### Stored data
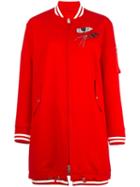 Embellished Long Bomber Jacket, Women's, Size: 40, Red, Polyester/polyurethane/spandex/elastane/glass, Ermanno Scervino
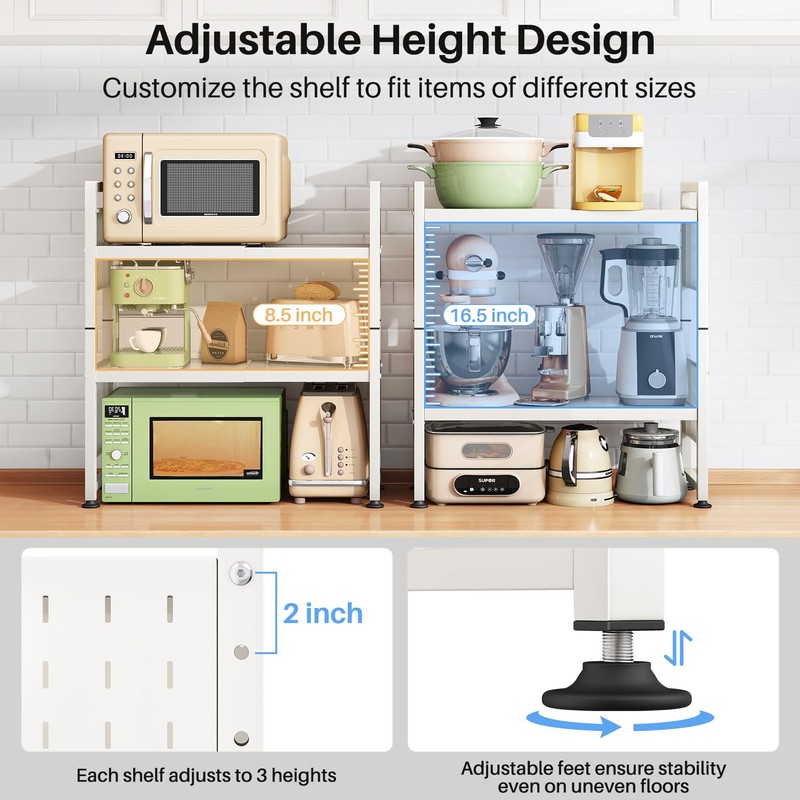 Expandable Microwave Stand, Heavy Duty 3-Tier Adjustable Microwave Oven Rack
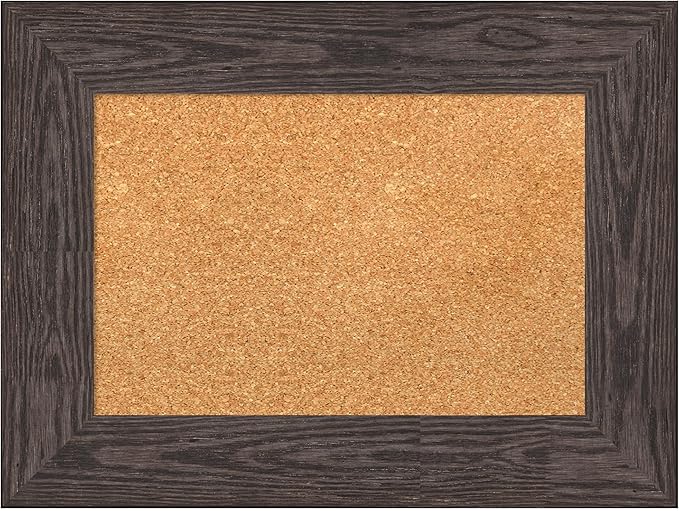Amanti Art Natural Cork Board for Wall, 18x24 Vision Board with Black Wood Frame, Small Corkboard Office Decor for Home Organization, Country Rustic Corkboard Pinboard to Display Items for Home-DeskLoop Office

### Goal of the exercise
Please retype the listing in full, exactly as given, and skip every image.

### Answer to the exercise
 Embellished Long Bomber Jacket, Women's, Size: 40, Red, Polyester/polyurethane/spandex/elastane/glass, Ermanno Scervino
 Expandable Microwave Stand, Heavy Duty 3-Tier Adjustable Microwave Oven Rack
Amanti Art Natural Cork Board for Wall, 18x24 Vision Board with Black Wood Frame, Small Corkboard Office Decor for Home Organization, Country Rustic Corkboard Pinboard to Display Items for Home-DeskLoop Office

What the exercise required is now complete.